The Campaign That Couldn’t Shoot Straight, Part II: From The Ether

This week, we’ve been looking at the DFL-endorsee Brian Barnes and his campaign for the MN Third Congressional District seat held by Erik Paulsen.  Yesterday we noted they bobbled a niggling but, er, Federal regulation on their new batch of lawn signs.

Today?  We’ll get serious.

Earlier this week, the Barnes campaign sent a fundraising email to their mailing list; they just spent a ton of money getting a Minneapolis creative agency to produce a TV ad, and those don’t come cheap.

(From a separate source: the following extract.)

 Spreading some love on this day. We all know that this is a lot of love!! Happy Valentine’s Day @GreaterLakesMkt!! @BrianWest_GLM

That’s fine.  Everybody does it.

But here’s where it gets interesting.  The third paragraph in the email says (I’ve added the emphasis):

Every dollar at this point goes toward getting our message to persuadable voters. We have been steadily closing the gap on Congressman Paulsen. We started with voters supporting Barnes 24% and Paulsen 39% in May, and we’ve gained 20 points to his 8! In fact, he is beginning to lose voters since we’ve been successfully showing voters he only talks like Jim Ramstad, but he votes more extreme than Michele Bachmann.

Let’s back that up for a moment; amid the awkward phrasing (are they claiming the race is 47-44 or not?), there are some questions.

What polling?

According to sources familiar with the history of the race, Barnes’ former campaign manager, Tom Beckfield, last month said that there had been no polling in this race.  That’s as of August.  And we know that the Democratic Congressional Campaign Committee, the Dems’ national campaign organization and warchest, had done no polling in the 3rd CD – or at least they’d not released any into the public domain.  So if Barnes has national polls, they’re illegal.

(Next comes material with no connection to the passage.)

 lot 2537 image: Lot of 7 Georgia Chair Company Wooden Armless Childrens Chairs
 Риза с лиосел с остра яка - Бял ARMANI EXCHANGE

Beyond that?  The campaign included no polling expenditures in their FEC reports through July.

But the fundraising email claims to have tracked results from May through the present.  Via what polling?

The source notes that the Barnes campaign is doing intermal push-polling.  Are these the results that the email is trumpeting?

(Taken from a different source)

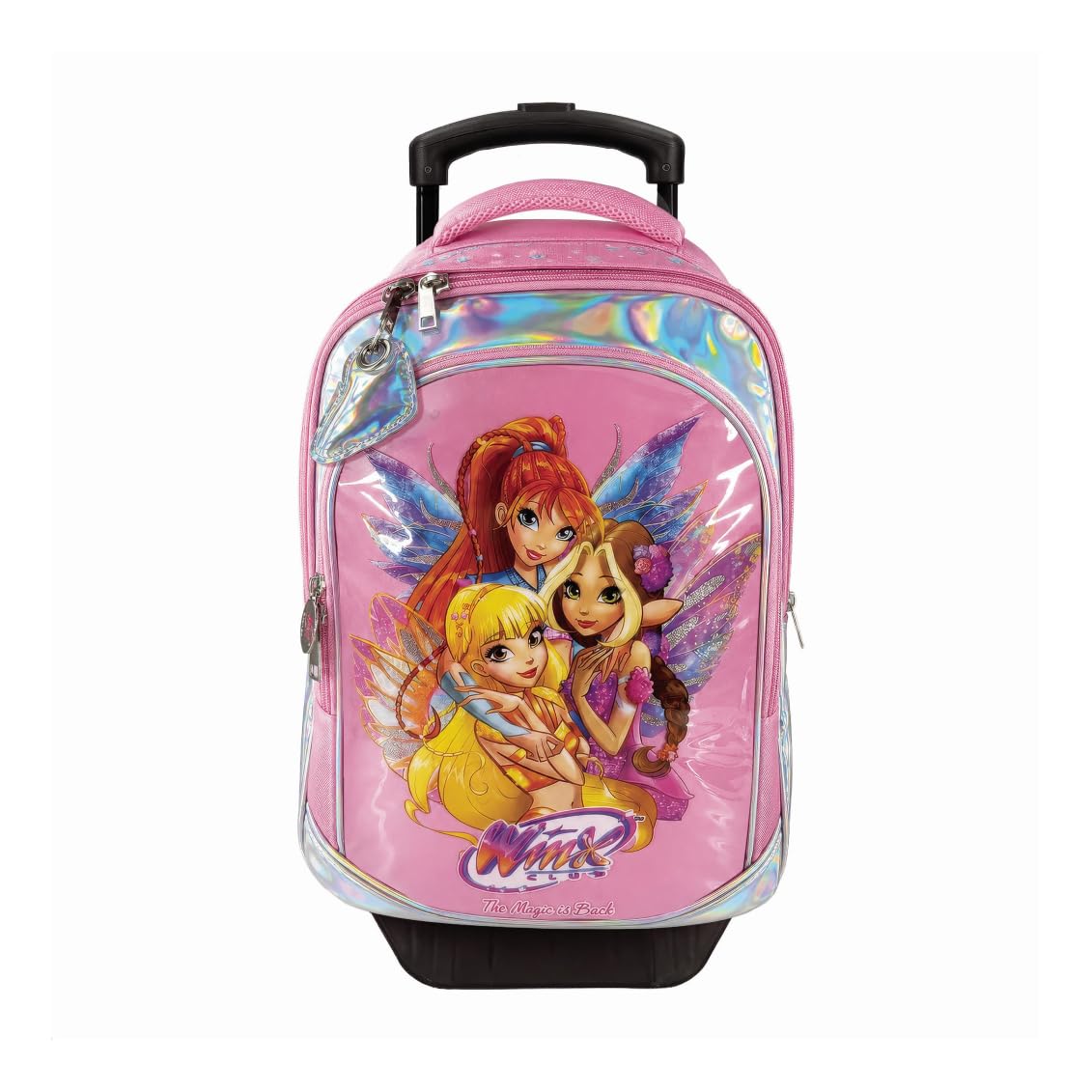 Trolley Zaino Winx scuola versione Tonda organizzato 3 Scomparti zip per bambine primaria + Astuccio 3 piani completo di cancelleria + Diario 2026/2027 + kit penne e portachiave paillettes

Since the campaign reports no polling expenses, and the DCCC hasn’t done it, what else could it be?

If you see Brian Barnes, ask him if you could.

(There are times I wonder – what if we had a group – perhaps a whole industry, with printing presses and transmitters and stuff, whose job it could be to check this sort of crap out?)

Tomorrow:  If you live in Waconia or Minnetonka, one of Barnes’ staffers has something to say to you.

3 thoughts on “The Campaign That Couldn’t Shoot Straight, Part II: From The Ether

  1. Obviously, these DemocRATs are getting more desperate.

    Melisa Franzen was out campaigning on Saturday and happened to catch me doing yard work. Like the rest of her fellow libidiot candidates, she tried to tell me that she is a moderate. Claiming that her corporate experience as an attorney at Target gives her a perspective on excessive government spending, she used the fact that she was born and raised in Puerto Rico where government spending is out of control. I pulled out the trump card and asked her about gun control. She laughed and said; “well, let me put it this way. My husband was raised on a farm near Little Falls. If I were to even breathe that topic around them, they would probably disown me. I have no problems with legal gun owners or conceal and carry.” Despite flyers that we have received about her being “hand picked” by Alita Messenger, she claimed that she has received no money from AFABM. She was supposed to send me her proof, but I haven’t seen it yet.

  2. I’m in the dead Red heart of the 3rd, Kurt Zellers district in Maple Grove. The chances of a Barnes volunteer showing up at my door are similar to the chances Mark Dayton will propose a budget that doesn’t call for tax increases. I haven’t even seen a Barnes yard sign, wouldn’t know who was running against Eric if I didn’t pay attention.